Sleep apnea correlated less well with the number of neurofibrillary tangles in their hippocampus, and there was no significant correlation after adjusting for age.
When examining the brainstem samples, the researchers found that although about two-thirds contained tangles and a fifth contained amyloid plaques, their amounts did not correlate with the severity of sleep apnea.
In Alzheimer’s disease, plaques and tangles first appear in a cortical area close to the hippocampus called the parahippocampal gyrus. The lesions then progress to the hippocampus, before spreading to the rest of the cortex.
The same pattern of progression seems to occur in sleep apnea.
“In cases of mild sleep apnea, we could only find plaques and tangles in the cortical area near the hippocampus, precisely where they are first found in Alzheimer’s disease,” says Prof. Robinson.
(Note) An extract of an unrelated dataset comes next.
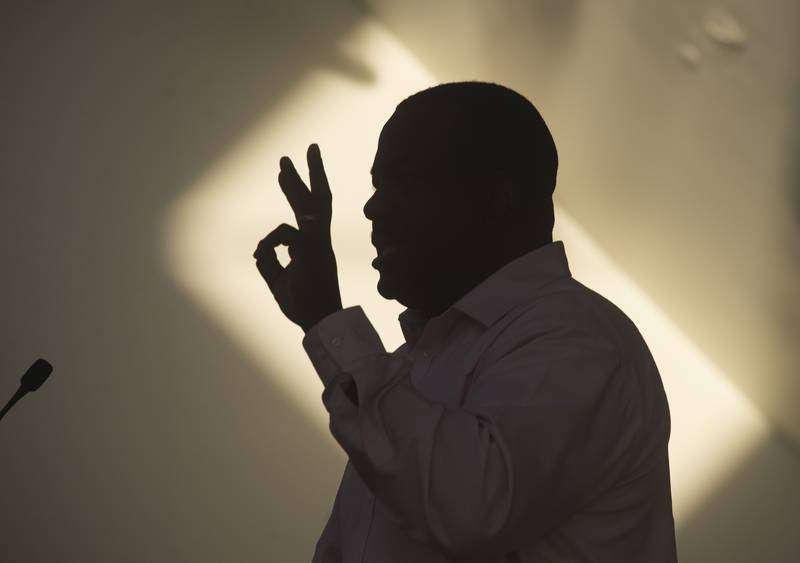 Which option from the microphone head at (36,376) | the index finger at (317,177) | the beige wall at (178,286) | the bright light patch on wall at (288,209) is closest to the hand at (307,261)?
the index finger at (317,177)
In their paper, the researchers speculate that in sleep apnea, repeated bouts of oxygen deprivation during sleep may cause oxidative stress that leads to the build up of amyloid plaques in the hippocampus.
“Thus, [sleep apnea] may render these areas more vulnerable to the (as yet unknown) causative agent in [Alzheimer’s], thereby facilitating the pathogenesis of this disease. This is supported by our previous findings of reduced hippocampal volume in the same brains.”
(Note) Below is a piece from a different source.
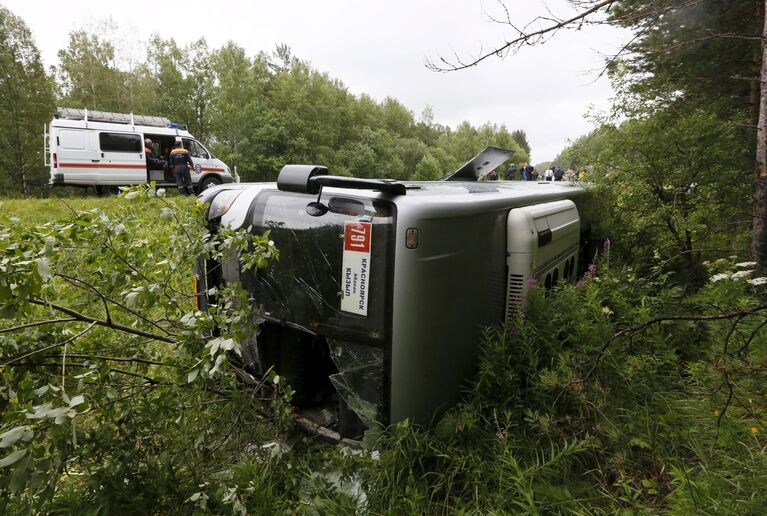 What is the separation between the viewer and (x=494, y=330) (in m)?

They write that, alternatively, sleep apnea may disrupt the clearance of amyloid from the brain that normally occurs during sleep.
A study in mice found that sleep helps to flush beta-amyloid from the brain. By repeatedly disturbing sleep throughout the night, sleep apnea may therefore cause a slow build up of the protein.
Interestingly, the authors of the new study write that the amount of rapid eye movement (REM) and non-REM sleep reduces in both Alzheimer’s and sleep apnea.
Among the study’s limitations were the relatively small number of brain samples solely from people from Iceland and a lack of control samples from people who did not have the condition.
Prof. Robinson says his team is working towards establishing a clinical study with a larger cohort.
One of the study’s findings was that a common treatment, known as Continuous Positive Airway Pressure (CPAP), did not appear to affect the number of plaques and tangles found in the samples.
However, the authors note that there were no records of the extent or timing of CPAP use, so this finding is unreliable.